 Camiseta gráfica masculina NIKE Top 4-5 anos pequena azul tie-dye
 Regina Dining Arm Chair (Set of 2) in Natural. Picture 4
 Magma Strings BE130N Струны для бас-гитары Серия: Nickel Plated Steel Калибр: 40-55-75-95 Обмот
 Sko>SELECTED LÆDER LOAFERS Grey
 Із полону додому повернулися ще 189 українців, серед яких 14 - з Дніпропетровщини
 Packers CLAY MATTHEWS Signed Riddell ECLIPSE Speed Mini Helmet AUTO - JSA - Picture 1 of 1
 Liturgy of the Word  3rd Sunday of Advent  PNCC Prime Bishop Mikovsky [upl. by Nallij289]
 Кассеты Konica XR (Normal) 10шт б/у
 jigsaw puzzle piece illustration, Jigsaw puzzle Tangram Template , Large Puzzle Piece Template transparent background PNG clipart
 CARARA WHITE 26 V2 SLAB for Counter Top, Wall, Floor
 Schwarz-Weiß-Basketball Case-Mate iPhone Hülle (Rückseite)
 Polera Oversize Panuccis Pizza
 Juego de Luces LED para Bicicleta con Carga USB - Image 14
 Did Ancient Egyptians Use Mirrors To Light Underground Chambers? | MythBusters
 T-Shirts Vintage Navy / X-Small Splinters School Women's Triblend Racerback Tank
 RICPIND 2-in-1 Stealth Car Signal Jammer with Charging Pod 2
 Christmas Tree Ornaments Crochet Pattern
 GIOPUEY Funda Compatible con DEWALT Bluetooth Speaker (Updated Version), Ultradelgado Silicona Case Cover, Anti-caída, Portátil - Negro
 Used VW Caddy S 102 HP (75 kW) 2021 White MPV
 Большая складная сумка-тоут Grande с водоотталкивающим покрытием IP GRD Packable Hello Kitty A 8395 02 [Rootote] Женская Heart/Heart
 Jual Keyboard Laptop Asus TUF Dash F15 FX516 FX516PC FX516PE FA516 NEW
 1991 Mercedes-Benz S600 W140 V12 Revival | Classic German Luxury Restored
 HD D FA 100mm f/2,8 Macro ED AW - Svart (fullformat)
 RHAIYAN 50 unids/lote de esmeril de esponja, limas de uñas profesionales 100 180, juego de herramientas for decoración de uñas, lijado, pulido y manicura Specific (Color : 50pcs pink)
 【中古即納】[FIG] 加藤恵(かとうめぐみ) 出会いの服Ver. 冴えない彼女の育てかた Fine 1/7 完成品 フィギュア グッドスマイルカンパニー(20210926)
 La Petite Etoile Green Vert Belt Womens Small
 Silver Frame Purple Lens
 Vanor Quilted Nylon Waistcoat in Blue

> _What the task asks_
Above are some lines. Repeat exactly, and only, those from the line that has "Used VW Caddy" through the line that has "完成品 フィギュア グッドスマイルカンパニー(20210926)".

> _Result of this exercise_
 Used VW Caddy S 102 HP (75 kW) 2021 White MPV
 Большая складная сумка-тоут Grande с водоотталкивающим покрытием IP GRD Packable Hello Kitty A 8395 02 [Rootote] Женская Heart/Heart
 Jual Keyboard Laptop Asus TUF Dash F15 FX516 FX516PC FX516PE FA516 NEW
 1991 Mercedes-Benz S600 W140 V12 Revival | Classic German Luxury Restored
 HD D FA 100mm f/2,8 Macro ED AW - Svart (fullformat)
 RHAIYAN 50 unids/lote de esmeril de esponja, limas de uñas profesionales 100 180, juego de herramientas for decoración de uñas, lijado, pulido y manicura Specific (Color : 50pcs pink)
 【中古即納】[FIG] 加藤恵(かとうめぐみ) 出会いの服Ver. 冴えない彼女の育てかた Fine 1/7 完成品 フィギュア グッドスマイルカンパニー(20210926)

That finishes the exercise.